You may be thinking: I must have a big wedding, because it will be the most important day in my life, and I will think about it hundreds of times in the future. But it doesn't work that way. From my own experience I can predict: you will quickly stop thinking much about your wedding day once it is over; you will become absorbed in your future activities; and you will almost never think about your wedding day for the rest of your life. So why bother making such a spectacle out of a day you'll hardly ever think about once it's over?

Now let's look at another ritual that we should modify for the sake of our ailing planet: funerals.

As for cremation versus burial, I see no big difference from an environmental standpoint between the two, provided that someone uses a simple coffin rather than some mahogany showpiece used as a final blast of conspicuous consumption. You use up less by cremating, but then you release more greenhouse gases, so there's no big difference ecologically.

The main way in which funerals can have a high carbon dioxide footprint is if many people use jet planes to travel to the funeral. If there are 20 attendees from distant cities at your funeral, that may end up being 40 plane trips, which may mean a carbon dioxide footprint far greater than the annual carbon dioxide footprint of the average person in the Third World.

Unless you are someone with a very strong religious belief about funerals, I advise you to explicitly instruct your family: do not have either a funeral or a wake for me if I die. This is exactly what I have told my own family, along with instructions that my body be cremated. I don't want people contributing to global warming by taking a jet just to attend a funeral or wake related to my death.

What about if someone dies who has not expressed any wishes about a funeral? I think such a person should not be given a funeral. Save the $5000 or more it will cost for a funeral, or donate the money to fight hunger or plant trees or help some other cause.

If many jet travelers attend a funeral, it just isn't green

Some people think that a loved one may be disappointed in the next life if he or she fails to see a funeral, or sees only a few people at his funeral. That does not seem a credible notion. It is quite possible that our consciousness does not survive death, and it is quite possible that we do survive death and go on to some higher state of consciousness. But if someone does move on after death to some higher state of consciousness, we can imagine that person confronting eternal issues of truth and morality, but we can hardly imagine that the person will be considering such a trivial matter as how many people went to his funeral.
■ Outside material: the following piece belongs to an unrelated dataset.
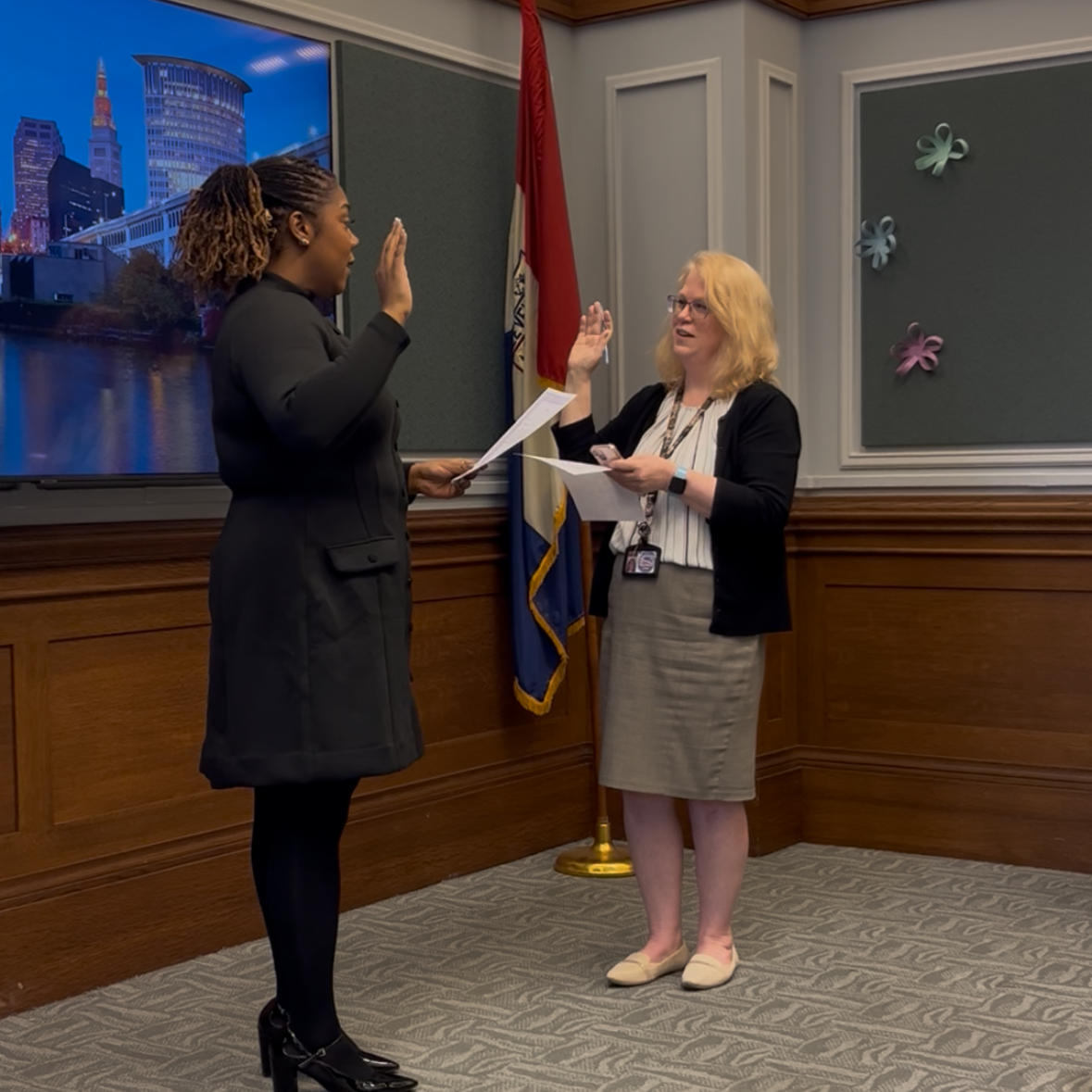 Sydney Evans is sworn in as a commissioner for the Cleveland Commission on Black Women and Girls, raising her right hand during the ceremony at Cleveland City Hall.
If you can't give up on the idea of a funeral, but want to do something with a lower environmental footprint, consider this option: a virtual funeral. A virtual funeral is an online web site where people can write tributes to a departed love one. Anyone can create one by creating a new Blogger blog with a name such as JohnDoeFuneral.blogspot.com. The initial post can contain a picture of the departed love one, a written tribute, and an invitation for anyone who knew him or her to comment on his life. Readers can then add tributes as comments to the initial blog post.

A site like this will last for years, since Google's Blogger service does not delete blogs, even if they have few readers. Compare that to a regular funeral, which only lasts about an hour.